- EXCERPTED DATA
= Beginning of Section =
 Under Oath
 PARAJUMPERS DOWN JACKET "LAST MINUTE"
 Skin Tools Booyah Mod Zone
= End of Section =
= Beginning of Section =
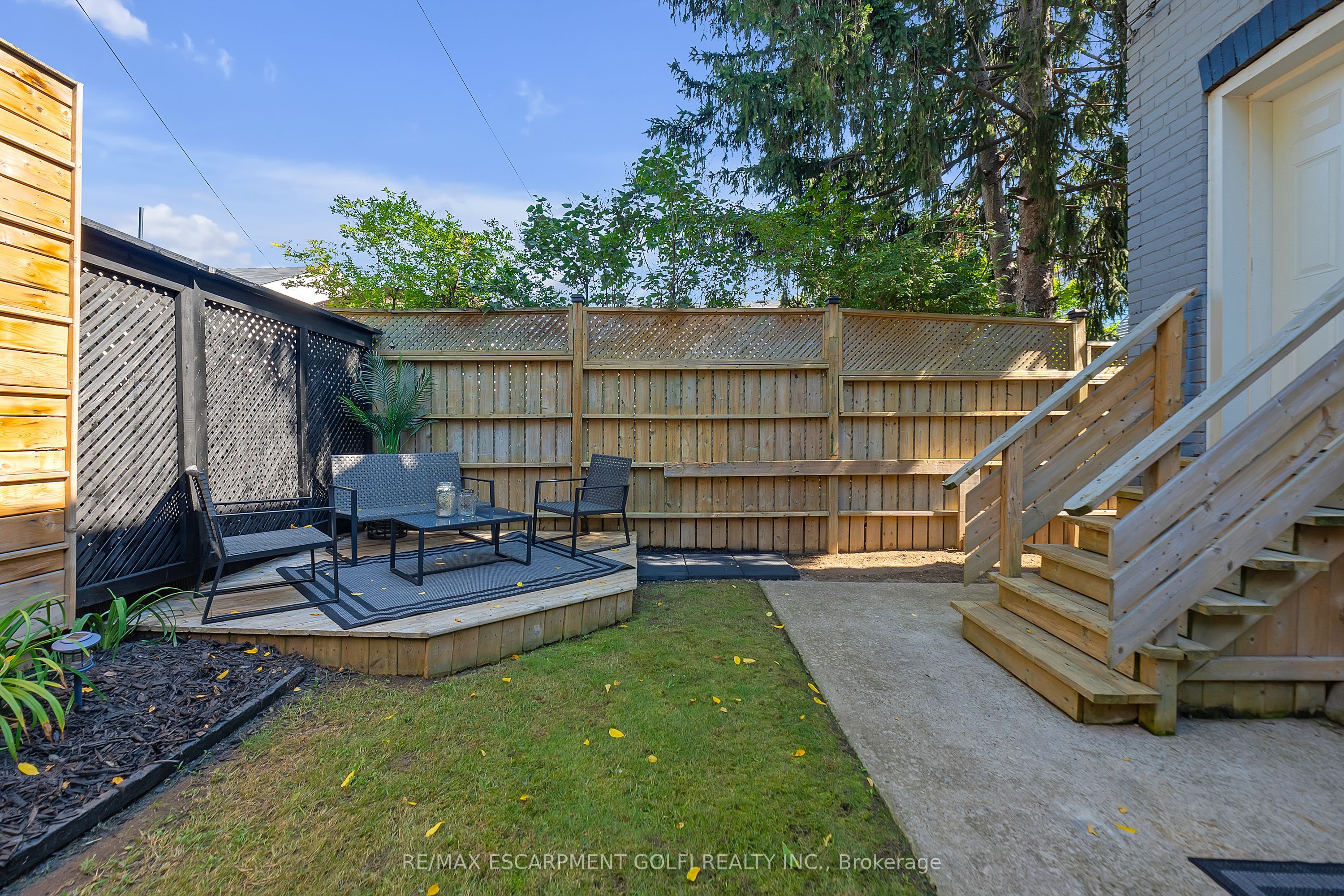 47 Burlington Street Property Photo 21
= End of Section =
- WHAT YOU NEED TO DO
Please reproduce exactly the lines in the listing above from the one containing "PARAJUMPERS DOWN JACKET" through the one containing "Skin Tools Booyah Mod Zone", both included, and nothing more.

- TASK ANSWER
 PARAJUMPERS DOWN JACKET "LAST MINUTE"
 Skin Tools Booyah Mod Zone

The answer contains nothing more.